World History

US Women of World War II

In World War II, women were crucial to the American cause. Many women contributed by serving in the military, even if they did not participate in battle as soldiers. On the home front, they also contributed to maintaining unity in the nation. Women worked in industries making weapons, ships, tanks, and other essential items for the war effort.

Women in the Military

During the conflict, a large number of women served in the military. In the Army Nurse Corps, some worked as nurses. Given that some nurses worked at hospitals that were near to the front lines of battle, this may be a risky profession. They worked in a range of settings, such as field hospitals, ship hospitals, medical transport aircraft, and hospitals for evacuation. These courageous nurses saved the lives of numerous soldiers.

Women participated in the WAC, or Women’s Army Corps. This was a division of the military that was established in 1942. Women performed in non-combat roles such as vehicle technicians fixing cars, army post offices processing mail, and warning system workers. By the end of the war, there were 150,000 women serving in the WAC. They participated in all aspects of the military and even arrived in Normandy just a few weeks after D-Day.

Many men initially opposed the inclusion of women in the military forces. The WAC was finally approved thanks to Eleanor Roosevelt and General George Marshall. Later, female soldiers proved to be such excellent combatants that some leaders advocated for women to be drafted.

Women Pilots Serving in the Air Force

As Women’s Air Force Service Pilots, or WASPs, women also served as pilots. These were already certified female pilots. They transported supplies and piloted military aircraft between army bases. This allowed men to fly combat missions.

Rosie the Riveter

Keeping our factories functioning during World War II was arguably one of the biggest achievements made by women. With 10 million men serving in the army, the nation’s factories needed a lot of women to manage them. They created the crucial aircraft, tanks, warships, weapons, and other weaponry for the conflict.

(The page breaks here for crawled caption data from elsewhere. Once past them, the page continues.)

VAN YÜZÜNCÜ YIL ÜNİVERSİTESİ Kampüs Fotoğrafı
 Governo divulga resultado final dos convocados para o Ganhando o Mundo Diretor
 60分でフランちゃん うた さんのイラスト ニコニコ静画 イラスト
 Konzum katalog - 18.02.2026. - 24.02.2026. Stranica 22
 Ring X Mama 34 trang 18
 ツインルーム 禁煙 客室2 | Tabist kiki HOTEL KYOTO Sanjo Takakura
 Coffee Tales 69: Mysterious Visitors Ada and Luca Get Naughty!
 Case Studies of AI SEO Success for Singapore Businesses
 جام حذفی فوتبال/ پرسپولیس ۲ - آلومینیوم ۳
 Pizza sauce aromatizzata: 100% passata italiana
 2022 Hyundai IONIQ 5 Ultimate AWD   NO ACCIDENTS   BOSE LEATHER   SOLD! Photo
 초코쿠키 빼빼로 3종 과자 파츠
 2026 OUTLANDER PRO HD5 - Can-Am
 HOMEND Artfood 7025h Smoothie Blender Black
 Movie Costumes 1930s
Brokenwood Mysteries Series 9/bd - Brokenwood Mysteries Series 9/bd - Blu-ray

The US government developed the “Rosie the Riveter” programme to encourage women to work in industries. Rosie the Riveter was a fictional representation of a strong, patriotic woman who worked in factories to aid her country and was featured on posters and magazines. Even a song named “Rosie the Riveter” became very famous. The initiative was successful because tens of thousands of women entered the workforce and took on male-dominated jobs.

Famous Women

Here are a few examples of the ladies from different countries who rose to fame during World War II:

Eleanor Roosevelt –
Eleanor Roosevelt, the First Lady and wife of President Franklin D. Roosevelt, was a steadfast advocate for the military and for civil rights. She actively worked to raise spirits on the home front in the US and opposed the internment camps for Japanese Americans.

Queen Elizabeth –
The Queen served as a representation of British unity in the face of Hitler. She was a huge boost to the troops’ morale. When she was encouraged to leave London with her kids, she refused, claiming that neither she nor the King would ever leave.

Tokyo Rose –
The Japanese women who provided radio propaganda to the US troops fighting Japan were known by this term. By repeatedly telling the soldiers they couldn’t win the battle, she tried to sap their morale.

Eva Braun
Hitler’s mistress was Eva. At the conclusion of the war, just before they both committed suicide, she married him.

Sophie Scholl
German-born Sophie was a vocal opponent of the Third Reich and the Nazis. She was detained for opposing the war, and then she was killed. She is revered for risking her life to try to thwart the Nazis.

Anne Frank
Jewish teenager Anne Frank gained notoriety for the diaries she wrote while spending two years in hiding from the Nazis in a hidden chamber. She was ultimately discovered and perished in a detention camp.